[Stored items]
-*-

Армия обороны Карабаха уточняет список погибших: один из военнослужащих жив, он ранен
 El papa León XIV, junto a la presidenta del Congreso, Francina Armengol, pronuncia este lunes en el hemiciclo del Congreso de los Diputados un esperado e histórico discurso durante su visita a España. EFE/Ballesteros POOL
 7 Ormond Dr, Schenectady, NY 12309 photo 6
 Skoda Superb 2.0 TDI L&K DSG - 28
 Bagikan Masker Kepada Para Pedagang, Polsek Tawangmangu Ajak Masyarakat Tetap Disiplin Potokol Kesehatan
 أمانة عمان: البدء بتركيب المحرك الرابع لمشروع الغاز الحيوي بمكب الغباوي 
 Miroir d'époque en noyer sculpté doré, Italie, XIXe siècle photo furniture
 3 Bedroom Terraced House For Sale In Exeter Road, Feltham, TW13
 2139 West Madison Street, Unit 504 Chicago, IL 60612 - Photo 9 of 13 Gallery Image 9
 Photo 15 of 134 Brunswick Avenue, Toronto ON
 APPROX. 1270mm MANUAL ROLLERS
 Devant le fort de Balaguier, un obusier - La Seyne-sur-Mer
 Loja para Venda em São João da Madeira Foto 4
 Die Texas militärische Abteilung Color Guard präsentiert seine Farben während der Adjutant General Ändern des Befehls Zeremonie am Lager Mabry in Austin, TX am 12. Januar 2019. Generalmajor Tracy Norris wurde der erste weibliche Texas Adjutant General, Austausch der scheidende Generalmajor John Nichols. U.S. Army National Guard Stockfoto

-*-

# What this task involves
Beginning at the first line of the records, give again each line exactly as written, ending with the line that contains "Bagikan Masker Kepada".

# Exercise result
Армия обороны Карабаха уточняет список погибших: один из военнослужащих жив, он ранен
 El papa León XIV, junto a la presidenta del Congreso, Francina Armengol, pronuncia este lunes en el hemiciclo del Congreso de los Diputados un esperado e histórico discurso durante su visita a España. EFE/Ballesteros POOL
 7 Ormond Dr, Schenectady, NY 12309 photo 6
 Skoda Superb 2.0 TDI L&K DSG - 28
 Bagikan Masker Kepada Para Pedagang, Polsek Tawangmangu Ajak Masyarakat Tetap Disiplin Potokol Kesehatan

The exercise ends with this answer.